**Your instructions**.
Retype each line of the data below exactly, beginning with the first and ending with the one that contains "Let me show". Pictures do not belong in the copy.

**Listed entries**.
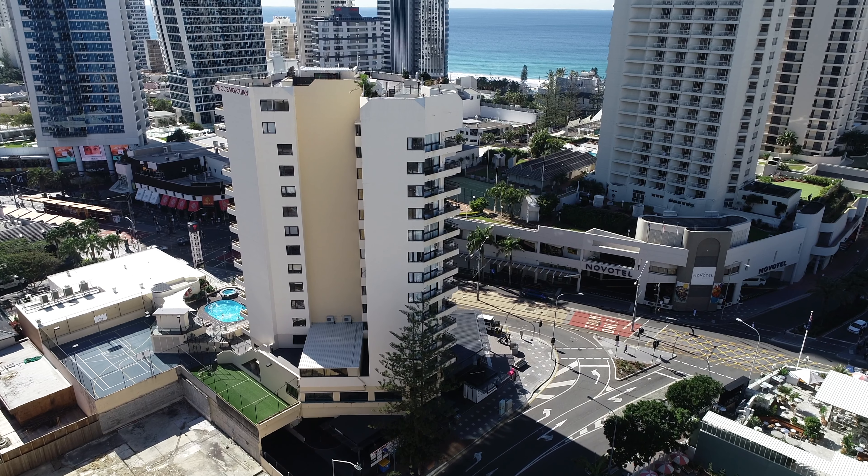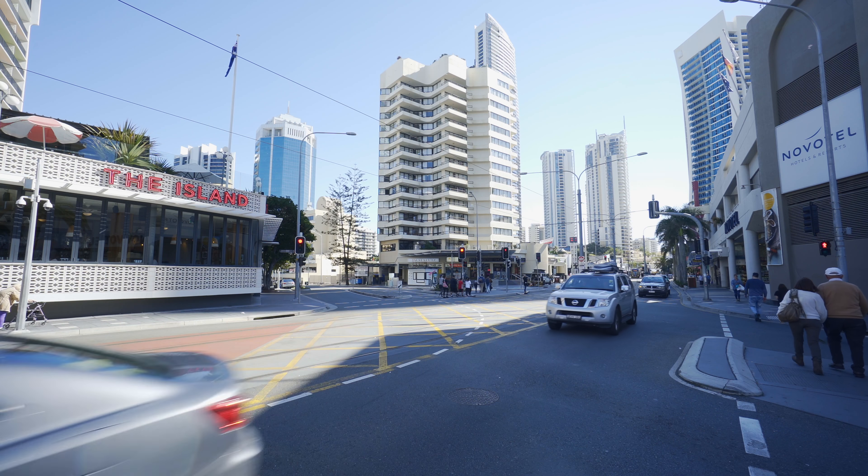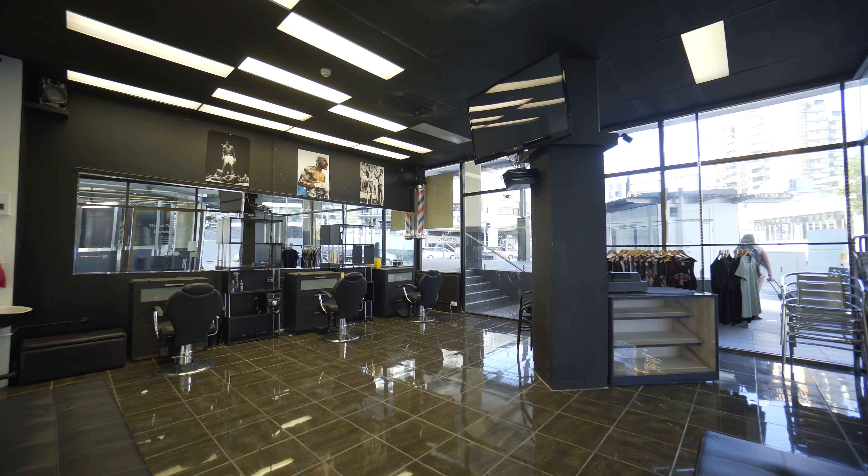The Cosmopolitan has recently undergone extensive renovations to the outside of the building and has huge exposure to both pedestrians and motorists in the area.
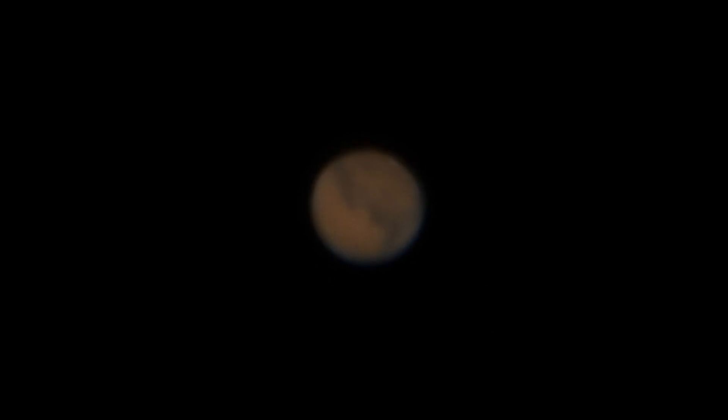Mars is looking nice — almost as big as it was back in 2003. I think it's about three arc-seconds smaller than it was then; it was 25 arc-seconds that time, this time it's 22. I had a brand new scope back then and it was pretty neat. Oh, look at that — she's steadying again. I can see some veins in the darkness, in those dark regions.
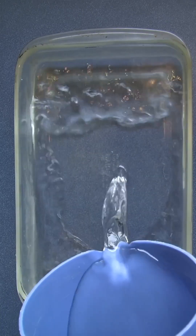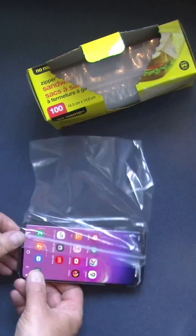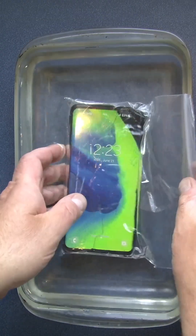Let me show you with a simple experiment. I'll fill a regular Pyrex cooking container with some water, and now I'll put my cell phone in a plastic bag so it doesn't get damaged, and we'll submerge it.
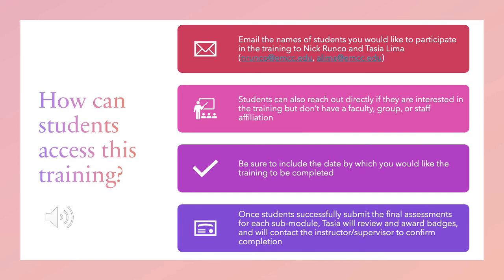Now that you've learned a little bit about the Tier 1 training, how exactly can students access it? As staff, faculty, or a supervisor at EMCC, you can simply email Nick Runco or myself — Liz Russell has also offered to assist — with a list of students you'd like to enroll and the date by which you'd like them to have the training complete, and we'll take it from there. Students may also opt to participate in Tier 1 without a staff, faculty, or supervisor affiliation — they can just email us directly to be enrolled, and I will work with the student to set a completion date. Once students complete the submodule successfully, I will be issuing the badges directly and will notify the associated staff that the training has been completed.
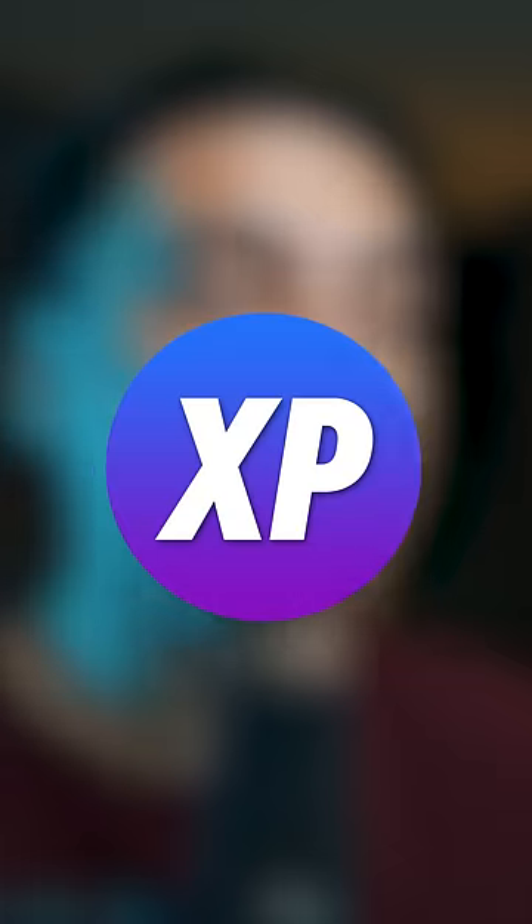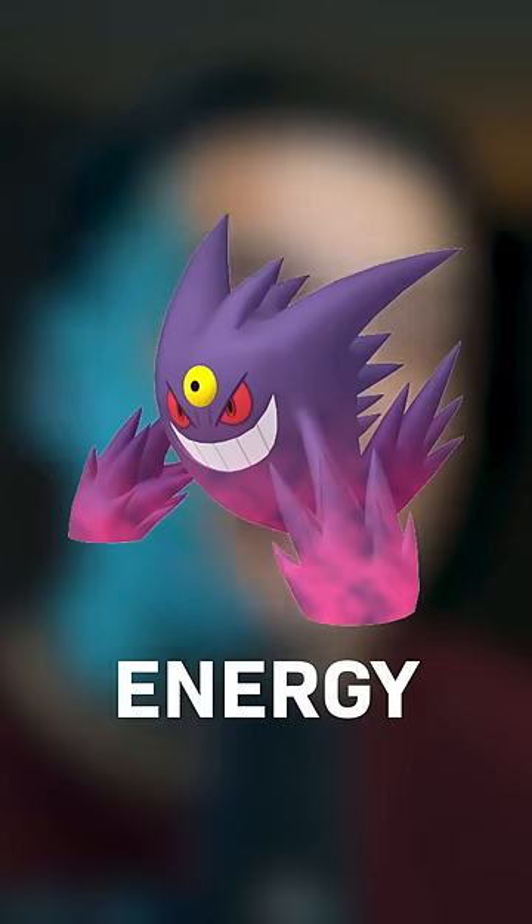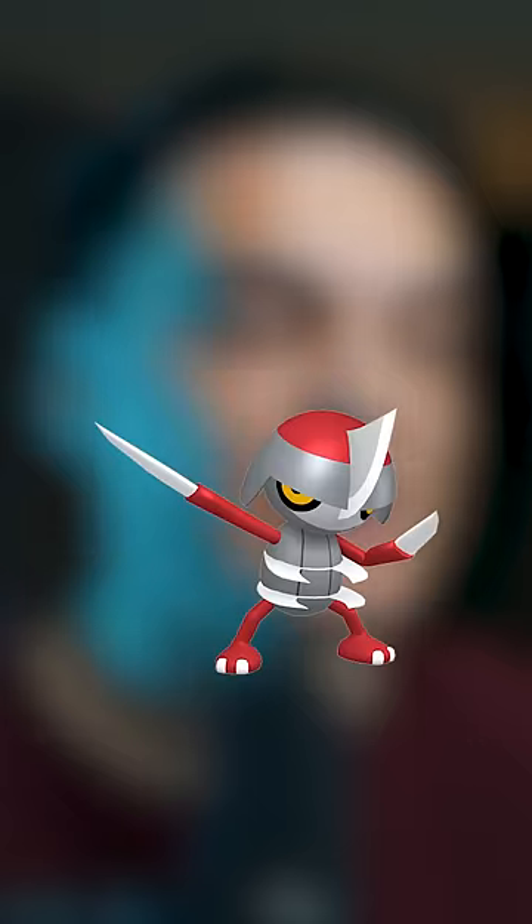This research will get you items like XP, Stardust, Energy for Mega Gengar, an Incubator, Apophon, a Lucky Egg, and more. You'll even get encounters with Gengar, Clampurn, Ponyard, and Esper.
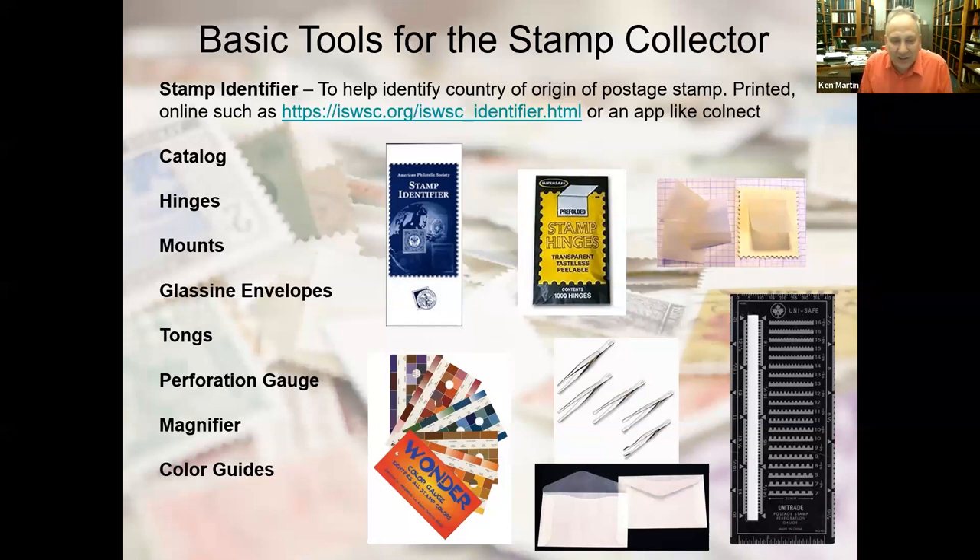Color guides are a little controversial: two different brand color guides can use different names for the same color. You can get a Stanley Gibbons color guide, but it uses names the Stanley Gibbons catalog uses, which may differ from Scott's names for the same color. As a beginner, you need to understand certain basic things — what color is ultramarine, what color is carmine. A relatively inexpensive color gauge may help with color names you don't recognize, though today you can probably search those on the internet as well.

**Result**.
The Cosmopolitan has recently undergone extensive renovations to the outside of the building and has huge exposure to both pedestrians and motorists in the area.
Mars is looking nice — almost as big as it was back in 2003. I think it's about three arc-seconds smaller than it was then; it was 25 arc-seconds that time, this time it's 22. I had a brand new scope back then and it was pretty neat. Oh, look at that — she's steadying again. I can see some veins in the darkness, in those dark regions.
Let me show you with a simple experiment. I'll fill a regular Pyrex cooking container with some water, and now I'll put my cell phone in a plastic bag so it doesn't get damaged, and we'll submerge it.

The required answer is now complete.